> Data for this task
-.-.-
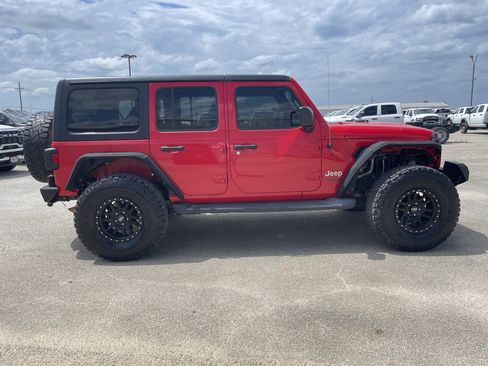 Used 2018 Jeep Wrangler Unlimited Sport S AWD/4WD image 3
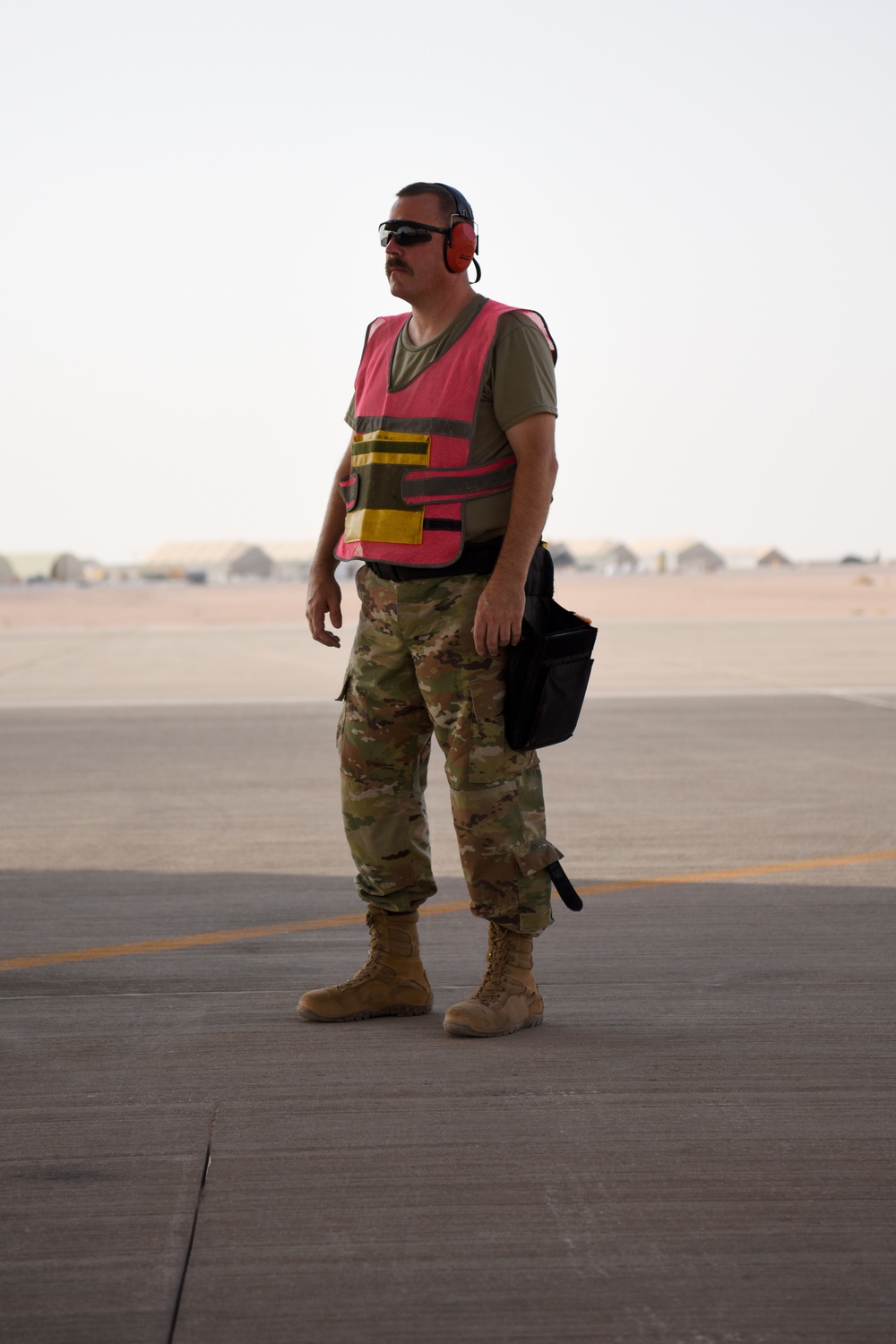 157th Airmen prepare jets for takeoff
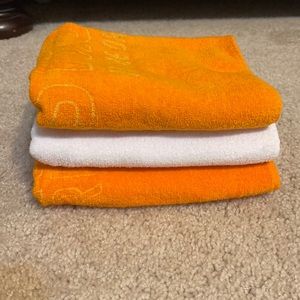 💪🏼THREE Orangetheory workout towels💪🏼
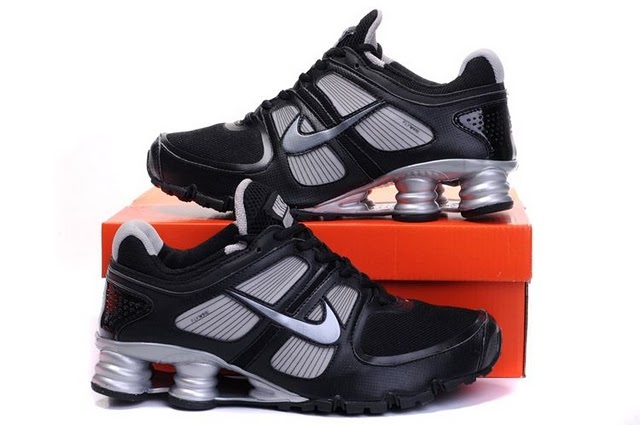 Nike Shox R6 Black Grey Running Shoes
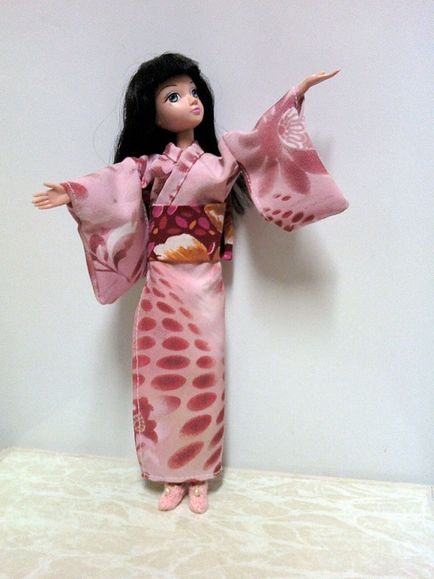 Kimono pentru păpuși
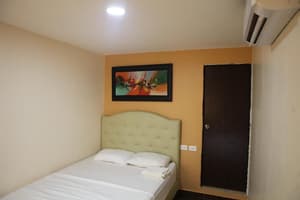 thumbnail: Room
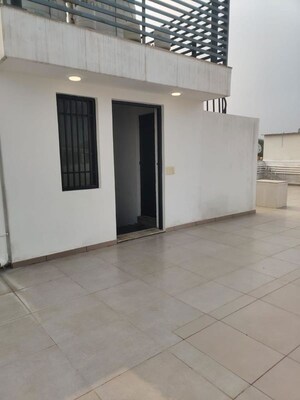Room in 4 BHK Builder Floor at Safdarjung Enclave – for Sale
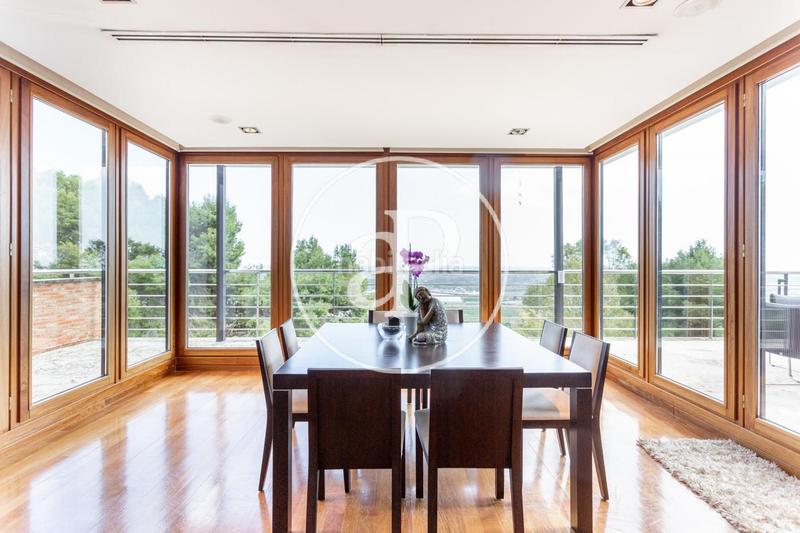 Foto 82d94c04-9d97-42cd-8fd2-fd6d7cb985e0. Casa amb calefacció aparcament piscina a Centro-El Castillo Sagunt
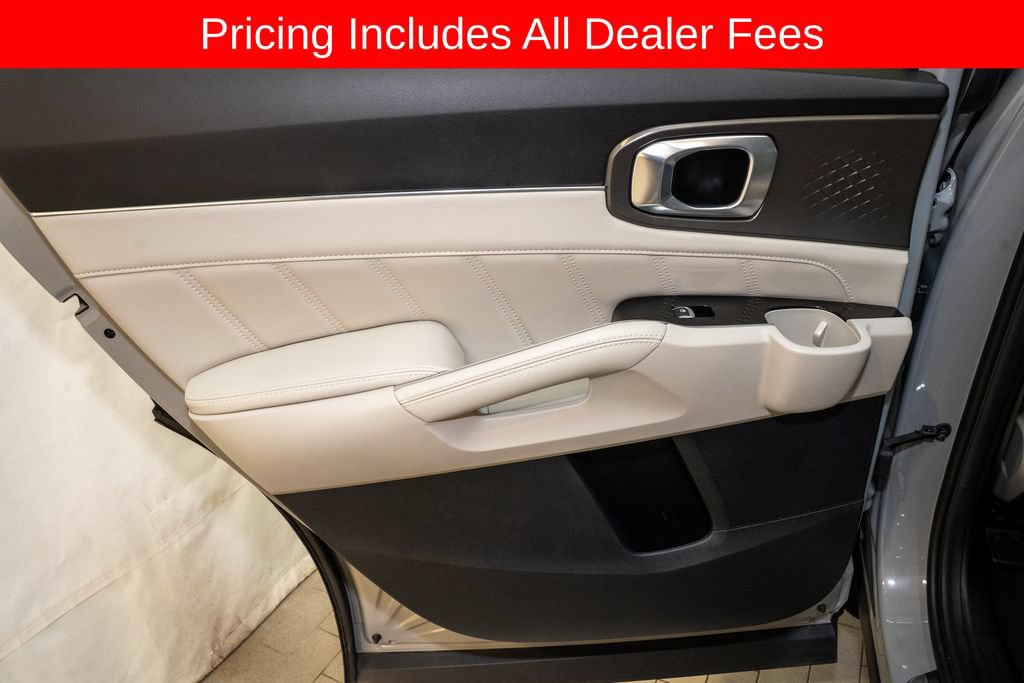 Certified 2023 Kia Sorento SX AWD/4WD image 11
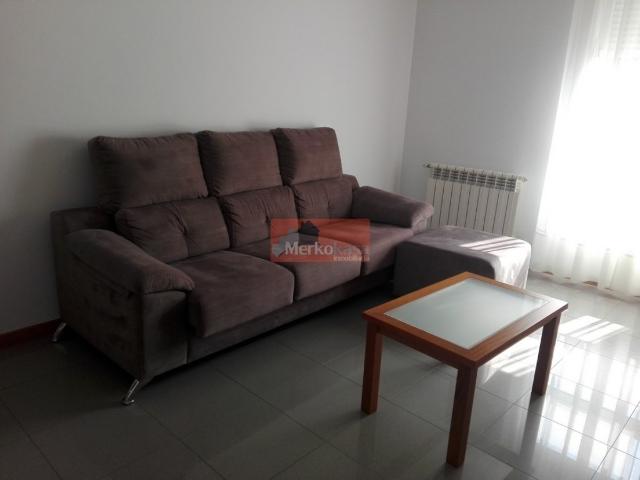 SE ALQUILA APARTAMENTO ACEÑA DE OLGA!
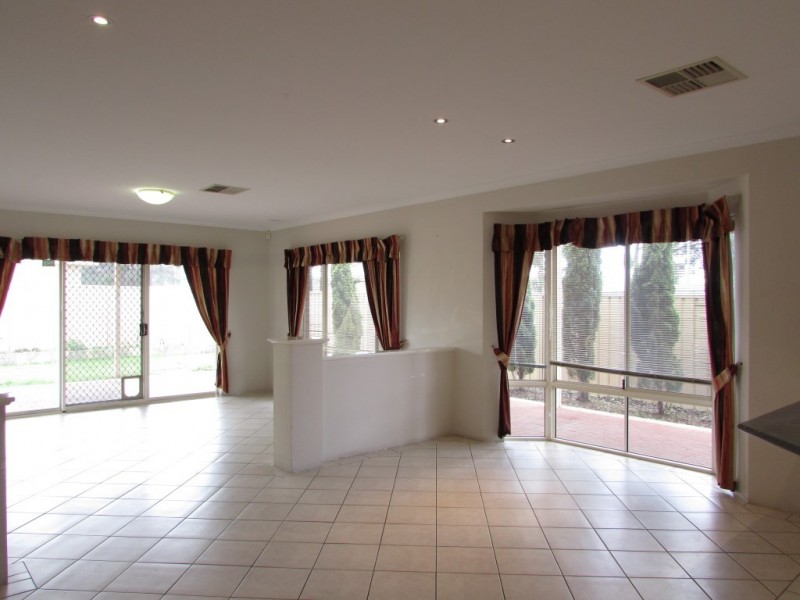 33 Driver Road, Darch WA 6065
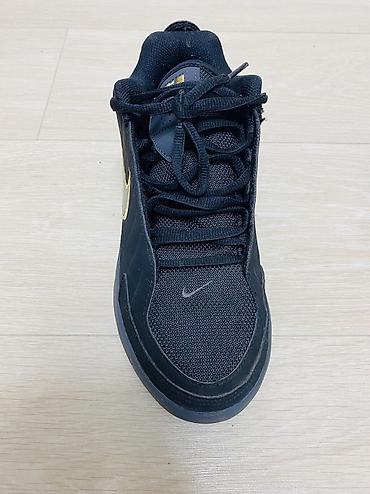 туфли с коброй: Кроссовки Nike LeBron Witness 9 (Покупали в Штатах) - Размер: US 6 / — 2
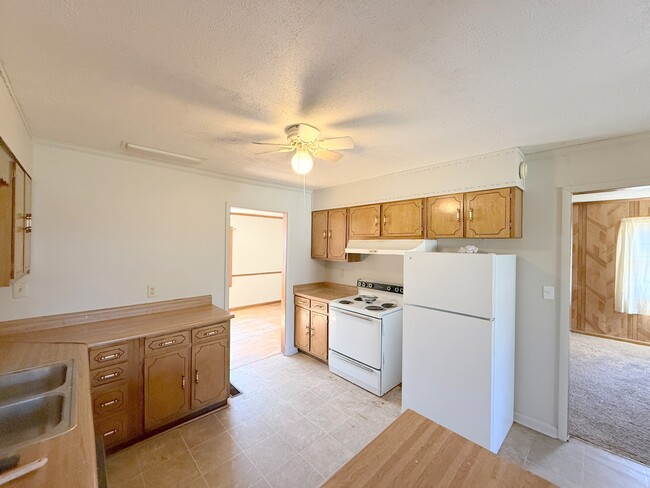 Building Photo - 3811 Lakeview Dr NW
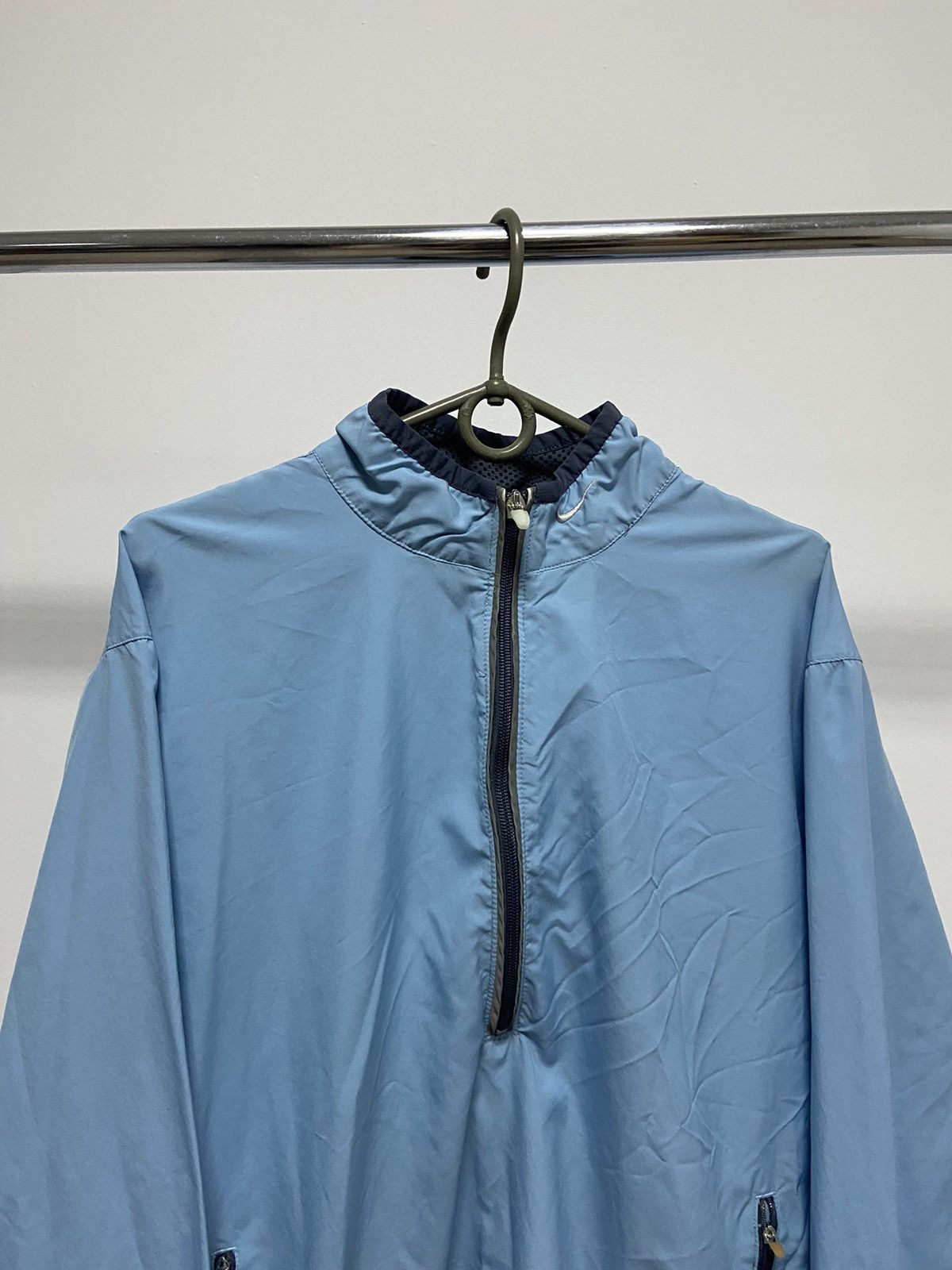 Nike × Vintage Nike Vintage Jacket Windbreaker Anorak Small Logo Y2K Nylon Size US L / EU 52-54 / 3 - 3 Thumbnail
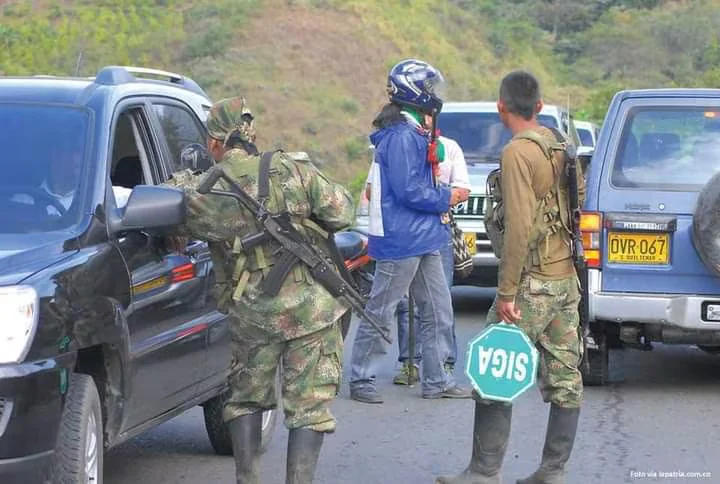 Retén ilegal en la vía Inzá-La Plata terminó con el robo de una camioneta de la UNP: investigan si el ELN estuvo detrás del asalto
-.-.-
> What to produce
Leaving each image aside, repeat the listing above exactly.

> Answer for the task
 Used 2018 Jeep Wrangler Unlimited Sport S AWD/4WD image 3
 157th Airmen prepare jets for takeoff
 💪🏼THREE Orangetheory workout towels💪🏼
 Nike Shox R6 Black Grey Running Shoes
 Kimono pentru păpuși
 thumbnail: Room
Room in 4 BHK Builder Floor at Safdarjung Enclave – for Sale
 Foto 82d94c04-9d97-42cd-8fd2-fd6d7cb985e0. Casa amb calefacció aparcament piscina a Centro-El Castillo Sagunt
 Certified 2023 Kia Sorento SX AWD/4WD image 11
 SE ALQUILA APARTAMENTO ACEÑA DE OLGA!
 33 Driver Road, Darch WA 6065
 туфли с коброй: Кроссовки Nike LeBron Witness 9 (Покупали в Штатах) - Размер: US 6 / — 2
 Building Photo - 3811 Lakeview Dr NW
 Nike × Vintage Nike Vintage Jacket Windbreaker Anorak Small Logo Y2K Nylon Size US L / EU 52-54 / 3 - 3 Thumbnail
 Retén ilegal en la vía Inzá-La Plata terminó con el robo de una camioneta de la UNP: investigan si el ELN estuvo detrás del asalto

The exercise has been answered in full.